Imagine a world where we buy our groceries in government stores. We can only shop at the store nearest our house. If we want to shop somewhere else, we’re forced to move our family into another neighborhood―if we can afford it.
In this imaginary world, we elect food boards to oversee our grocery stores. And many of us think the food is free. Well, not quite. We all pay taxes to the government, which then recycles those dollars to grocery store districts and eventually down to our neighborhood stores. We think we eat pretty well, although the government spends five dollars for a gallon of milk and six-fifty for a loaf of bread. The bread is often stale and the milk is often sour.
Each district has a central office staff of specialists and administrators who work hard designing store shelves, checkout lanes, and (most importantly) the nutritional content of every food item. Since we’re a nation that separates Church and State, the big battles at food board meetings often revolve around whether stores can sell Christmas cookies.
Now, imagine that voters decide to give the government less money for the public food system. Suddenly, food stores find themselves in a crisis. There isn’t enough tax money to keep food district central bureaucracies intact. Stores don’t have enough money to keep all the clerks employed. Food superintendents are faced with the difficult task of eliminating some items from the shelves.
How could we possibly feed ourselves without the government taxing us, building big brick food buildings, and telling us where to shop?
If this imaginary world―and its problems―sounds familiar, you’re way ahead of me. It’s the world of our public school system. It’s the world most of us grew up in. Our parents grew up in the same world, but children now are growing up in a different world.
We can no longer afford to dump more money into a system that isn’t keeping pace with the progress all around us. Technology has opened limitless ways for students to gain knowledge and skills and to interact with their instructors and peers. The landscape of educational options centered on the needs and aspirations of individual students is far more diverse than it was even ten years ago. And many of these new options can actually save taxpayers real money.
Many advocate that we should lead the world in education spending. But you don’t get to be the competitive leader in any industry by being the world’s highest-cost producer. Don’t you want to be the producer with the highest quality, but at an affordable cost? The driving force to achieve high quality, while keeping costs down, is the profit motive. But that’s exactly the motive that doesn’t exist in our public school system.
Why aren’t we worried about a tax revolt decimating our local grocery store shelves? It’s because our grocery stores are private. They’re subject to intense competition, and each of us has virtually unlimited choices about where we shop.
For those who can’t afford food, we don’t build government food stores. We give them food stamps, and they shop in the same stores and for the same products that everyone else does. In essence, our public schools are the equivalent of the former Soviet Union’s collective farms. Communism said government should own and run the food stores―and the farms. The result was a nation that couldn’t feed itself.

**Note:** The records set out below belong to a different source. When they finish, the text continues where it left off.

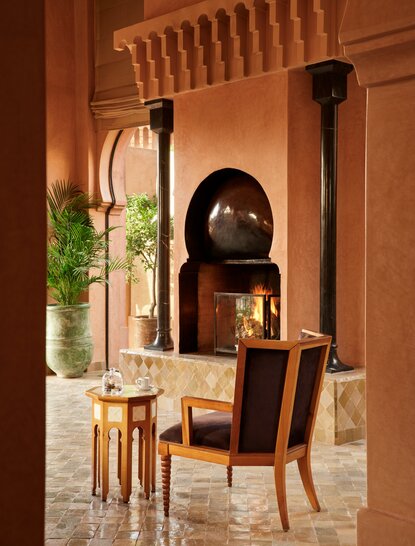 安缦珍纳度假村的Al-Hamra套房内，壁炉旁摆放着黑色椅子和小茶几。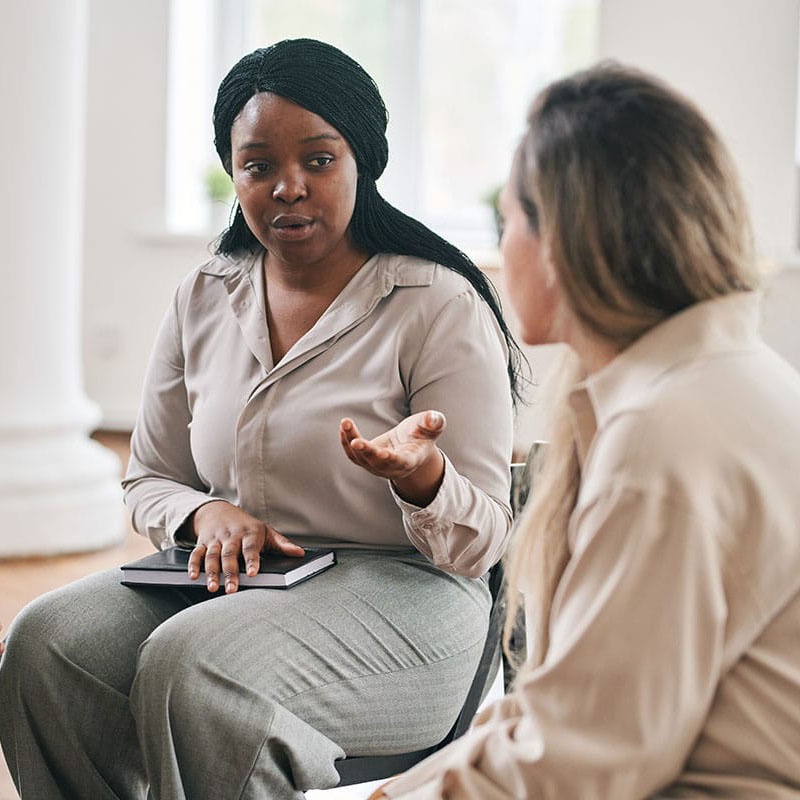 a person talks to a therapist in an outpatient treatment addiction program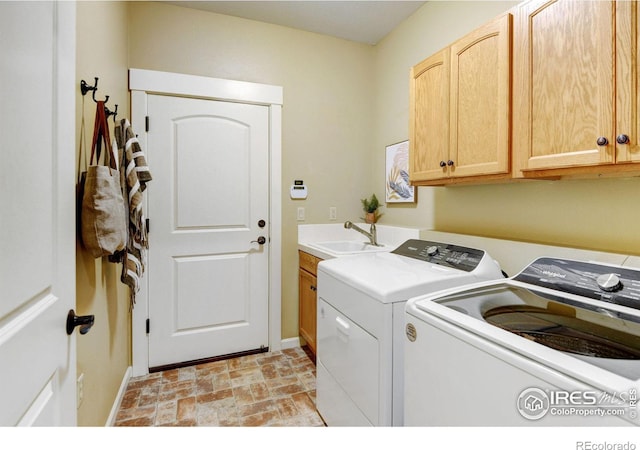 clothes washing area featuring cabinets, independent washer and dryer, and sink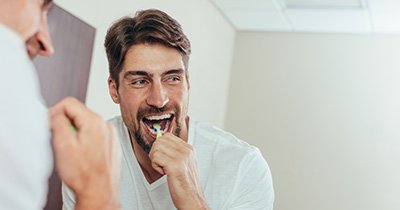 Bearded man brushing his teeth in bathroom mirror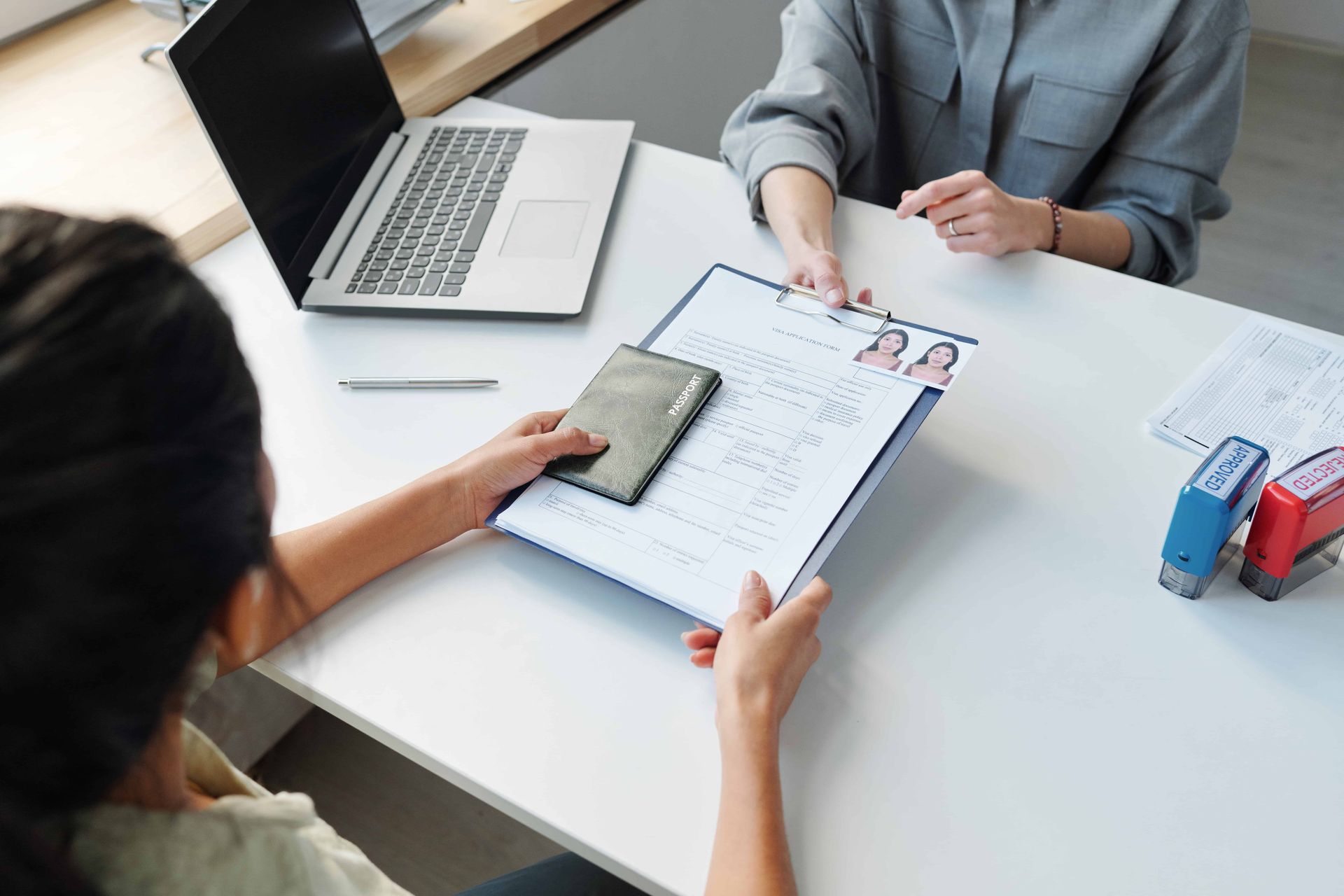 Business meeting with laptop, clipboard, smartphone, and hands reviewing documents on a white table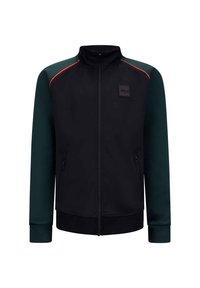 Zwarte jas met groene mouwen, rits aan de voorkant, hoge kraag en zijzakken. Heeft rode accentstiksels en een logo-patch op de borst.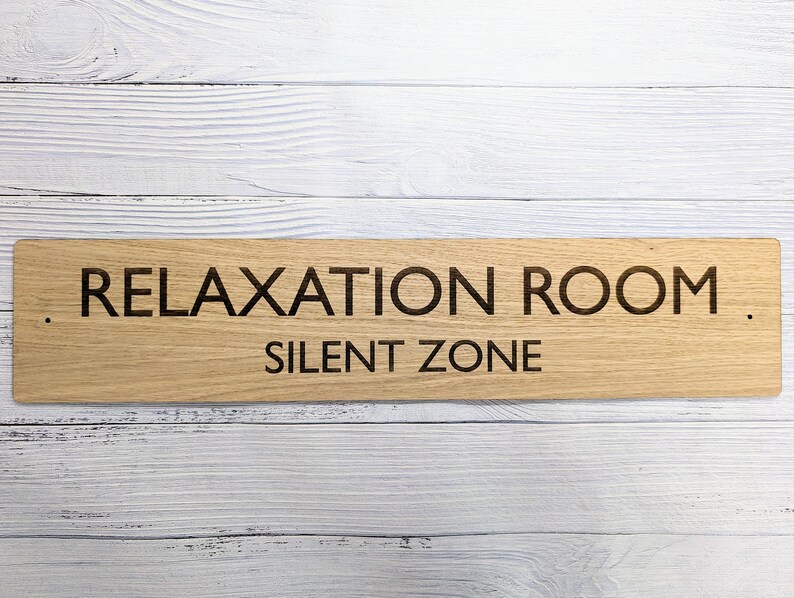 May include: A wooden sign with the text "Relaxation Room. Silent Zone" in black lettering.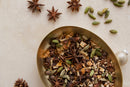 A golden bowl brimming with World Spice Mulling Spice by World Spice—an aromatic mix of star anise, cardamom pods, cloves, and citrus peels—rests on a light surface surrounded by scattered spices and a decorative ornament, ready to create the ultimate mulled wine or cider.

We don’t have to ask whether to replace our current public school system with a private one. We can simply let education dollars be spent where the customers (parents) think they should go.
Please don’t let the details of any specific “school choice” proposal stop you from accepting the concept. Instead, let’s figure out why so many of our tax dollars don’t reach the classroom―and why nearly half the people who work for our public school system don’t teach. Let’s look for ways to put the children first and the system second.

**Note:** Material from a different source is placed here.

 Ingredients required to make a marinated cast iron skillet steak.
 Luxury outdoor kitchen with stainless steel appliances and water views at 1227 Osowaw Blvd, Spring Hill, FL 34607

The only proven way to accomplish these things is through competition and parental choice. Spending more dollars in the current system will just get us more of the same. Many states are broke, preventing them from spending more money on public schools. And many parents are fed up, wondering why their kids are underperforming or unmotivated in K-12 schools and unprepared for their college courses and future careers.

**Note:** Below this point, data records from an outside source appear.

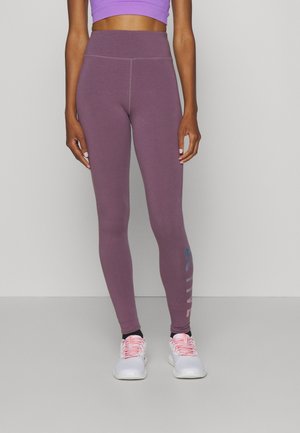 Leggings de sport violets avec une taille haute, texture lisse, et un graphique latéral portant le mot "ACTIVE" en bleu. Portés avec des chaussures de sport blanches.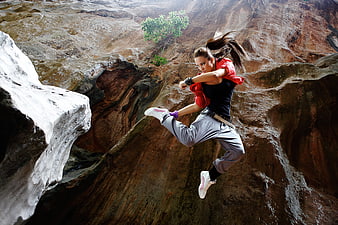 Woman in dynamic fighting stance leaping over rocky canyon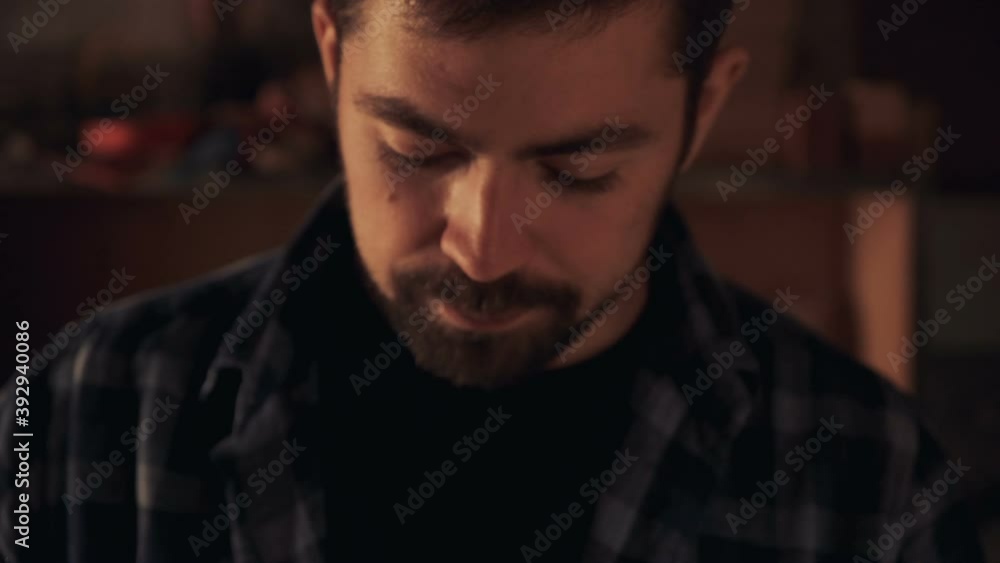 Portrait of smiling bearded man in low light Portrait of smiling bearded man in low light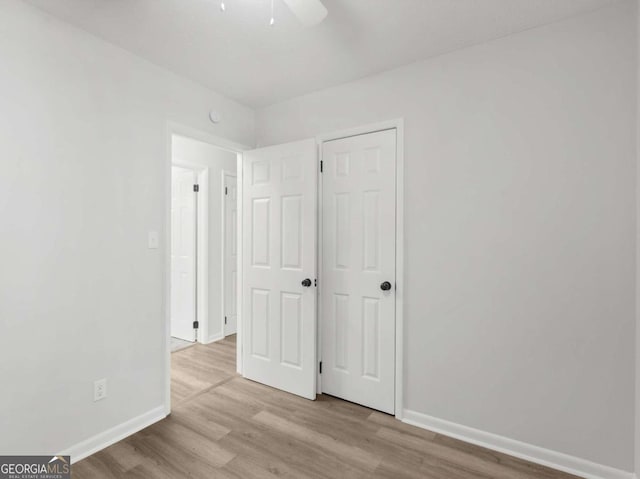 unfurnished bedroom with ceiling fan and light hardwood / wood-style flooring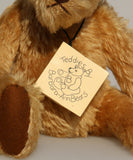 Wilfred is a very sweet and friendly artist teddy bear in gorgeous mohair by Barbara Ann Bears, he is 12 inches/30 cm tall and is 8.5 inches/21 cm sitting. Wilfred is made from a wonderful antique gold mohair with brown wool felt paw pads and gorgeous amber glass eyes. Wilfred has a carefully embroidered brown nose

School choice has entered a new world. Because Americans are increasingly vocal about providing parents at every income level with the ability to choose their children’s schools, states are adopting broad-based school choice initiatives. Every child who drops out of school, or who graduates functionally illiterate, is being tossed into the sea without a lifeboat. If you think rearranging the deck chairs on this ship will save those children, think again. The way of the future is to put the power of educational choice back into the hands of parents, where it belongs.
(January 25-31, 2015 is National School Choice Week, an annual public awareness effort in support of effective education options for all children. Different versions of this Commentary have been published starting in 1994.)